The standard states that basic and primary MAC management messages are sent in the clear in order to facilitate registration, ranging and normal operation of the MAC. Thus, authentication and integrity protection of MAC messages is very important. The MAC (Message Authentication Code) sequences, known as keyed hash or MAC-Digest, are used to sign management messages in order to validate their authenticity (see Figure 15.13). The MAC tags are generated and then verified using the same secret key (which is a basic difference with error-detecting codes such as the parity bits). This means that the sender and the receiver of the message must agree on the secret key before starting communications. Evidently, this key is probably different from the encryption key.

image from book
Figure 15.13: Illustration of HMAC or CMAC generation. The MAC is also called keyed hash or MAC Digest

The 802.16 standard security includes the use of a Hashed Message Authentication Code (HMAC) for some message authentication and integrity control. 802.16e added the possibility of using CMAC as an alternative to HMAC. The HMAC keyed hash (or HMAC-Digest) is in:

The HMAC-Digest attribute, which is present in some PKM messages such as Key Request, Key Reply, Key Reject, etc.
The HMAC Tuple is a TLV parameter used for some MAC management message authentications. The messages that can be authenticated with HMAC include DSx-REQ, DSx-ACK, REG-REQ, etc. The HMAC Tuple is made of HMAC-Digest HMAC with SHA-1, on 160 bits, HMAC Key Sequence Number, on 4 bits, and a reserved field. The HMAC Sequence Number in the HMAC Tuple is equal to the AK Sequence Number of the AK from which the HMAC_KEY_x was derived.
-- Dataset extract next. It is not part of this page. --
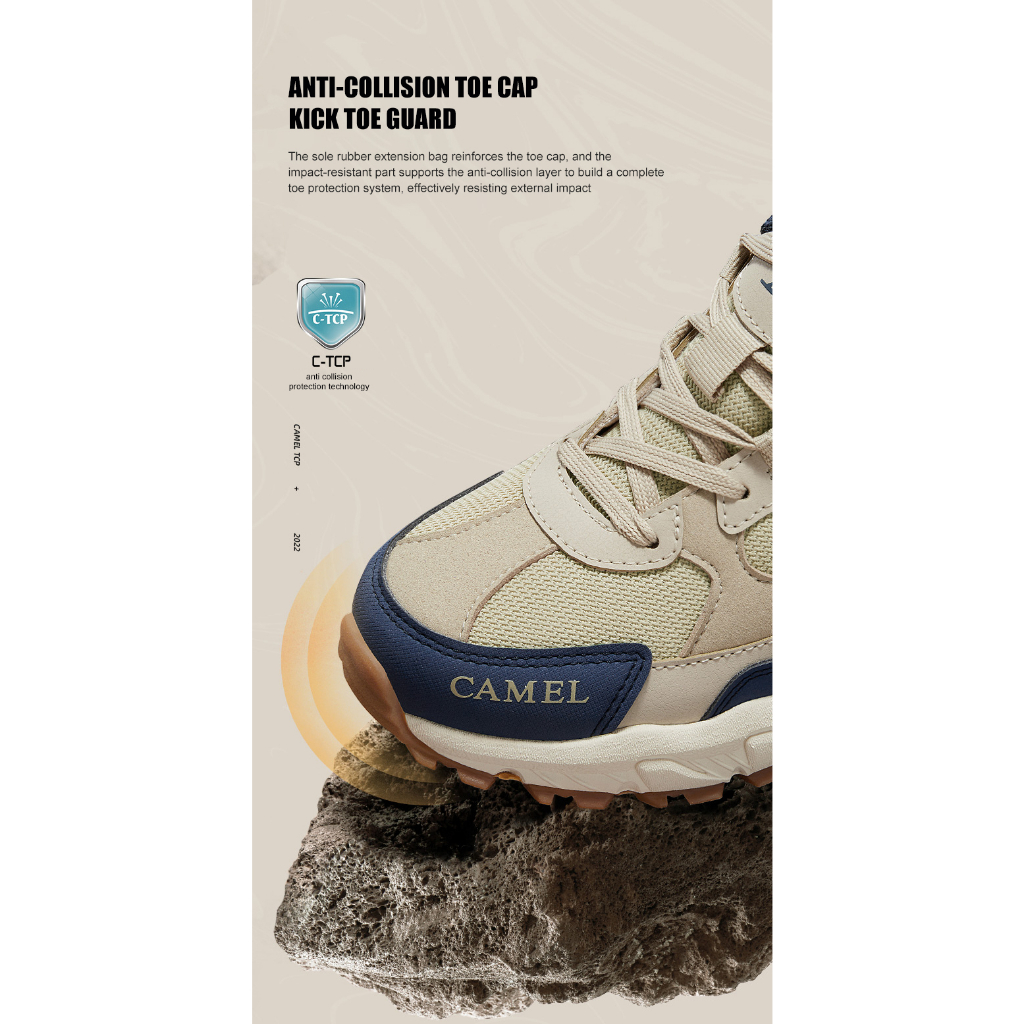 ЮGiày sneaker CAMELJEANS FB12235182 thời trang cho nam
Calculation of the keyed hash in the HMAC-Digest attribute and the HMAC Tuple uses the HMAC ^[44]^,^[45] with the cryptographic secure hash algorithm, SHA-1 (FIPS 180–1 ^[49]). This authentication method is often known as HMAC-SHA1. The digest must be calculated over the entire MAC management message with the exception of the HMAC-Digest and HMAC Tuple attributes.
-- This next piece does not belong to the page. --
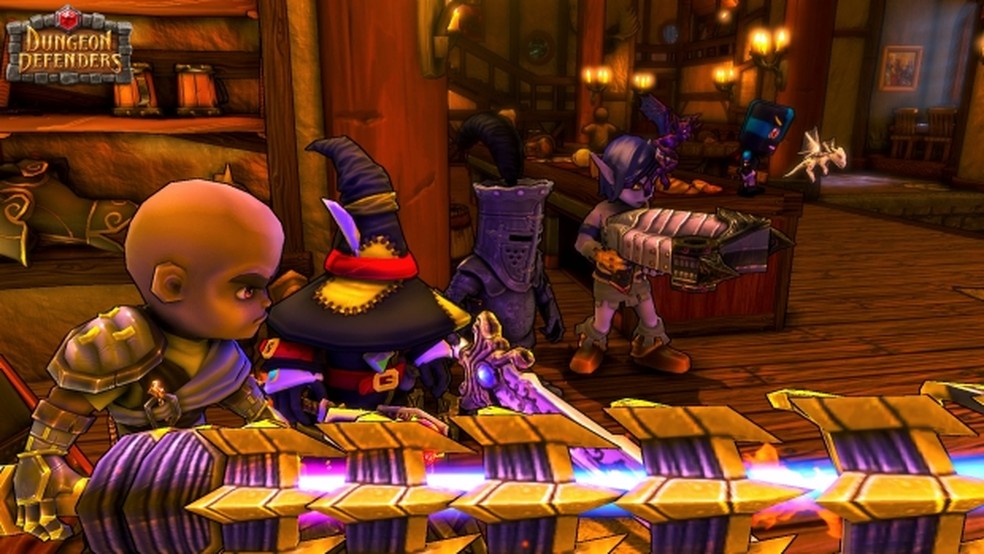 Dungeon Defenders: um jogo com multiplayer entre PC, PS3 e celular - Arkade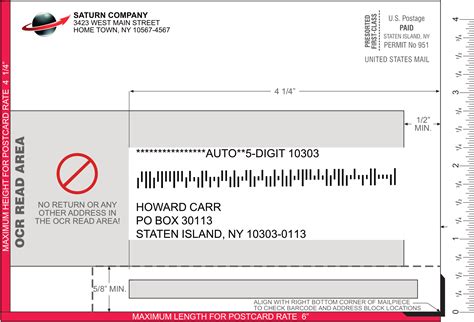 USPS Mailpiece Design Template FAQs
802.16e added the possibility of using a Cipher-based Message Authentication Code (CMAC) (RFC 4493 ^[46]) as an alternative to the HMAC. For the CMAC, AES block ciphering is used for MAC calculations (AES-CMAC).
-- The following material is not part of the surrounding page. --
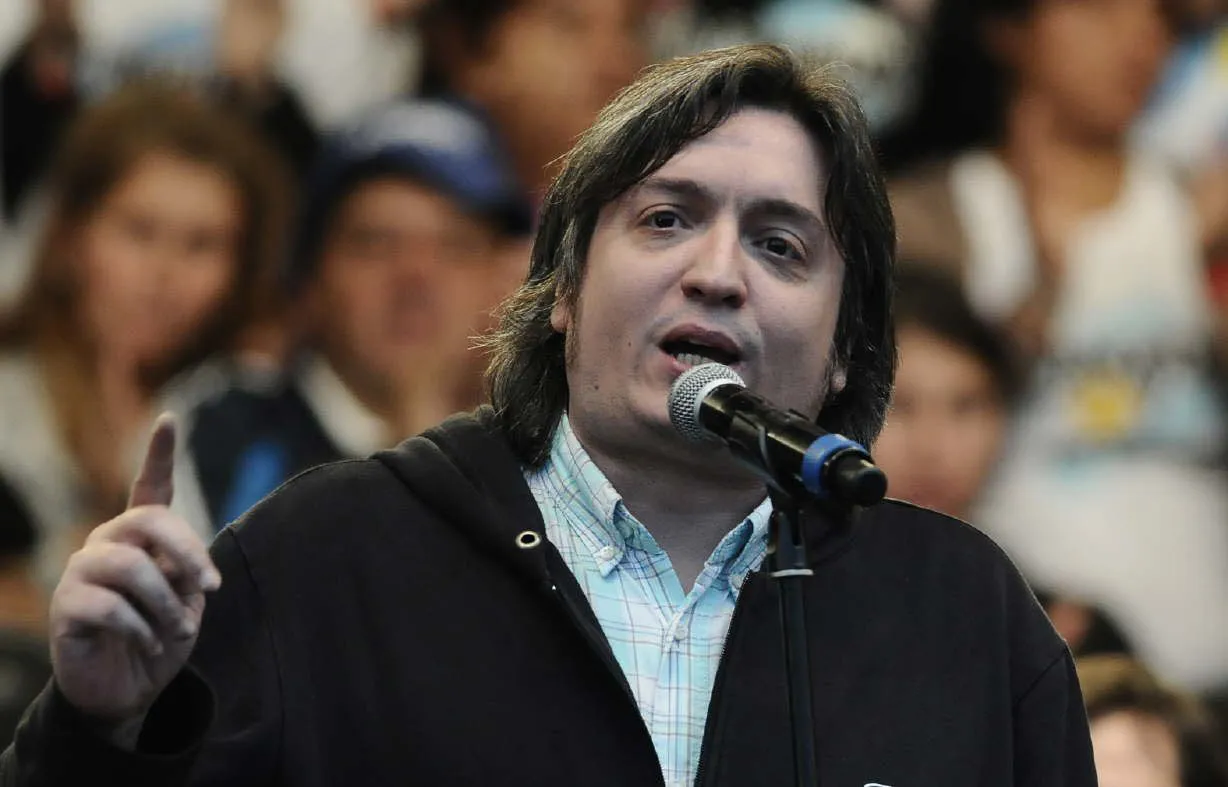 máximo kirchner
The digest is calculated over an entire MAC management message with the exception of the HMAC-Digest or HMAC Tuple attributes.

15.4.1 Message Authentication Keys

The authentication keys used for the calculation of HMAC keyed hash included in some MAC management messages (see above) are:

the downlink authentication key HMAC_KEY_D used for authenticating messages in the downlink direction;
the uplink authentication key HMAC_KEY_U used for authenticating messages in the uplink direction.

As for PKMv1, the PKMv2 MAC message for the uplink is C/HMAC_KEY_U and the MAC message for the downlink is C/HMAC_KEY_D. HMAC_KEY_D and HMAC_KEY_U are derived from the AK, as mentioned in Section 15.3 above. The HMAC/CMAC/KEK derivation from the AK is illustrated in Figure 15.14.

image from book
Figure 15.14: HMAC/CMAC/KEK derivation from the AK. (Based on Reference ^[2].)

The BS uses HMAC_KEY_D and HMAC_KEY_U for the following:

Verify the HMAC-Digest attributes in Key Request MAC management messages received from that SS, using HMAC_KEY_U.
Calculate, using HMAC_KEY_D, the HMAC-Digest attributes it writes into Key Reply, Key Reject and TEK Invalid MAC management messages sent to that SS.
When receiving MAC messages containing the HMAC Tuple attribute, the BS uses the HMAC_KEY_U indicated by the HMAC Key Sequence Number to authenticate the messages.

HMAC_KEY_S is used in the Mesh mode HMAC-Digest calculation.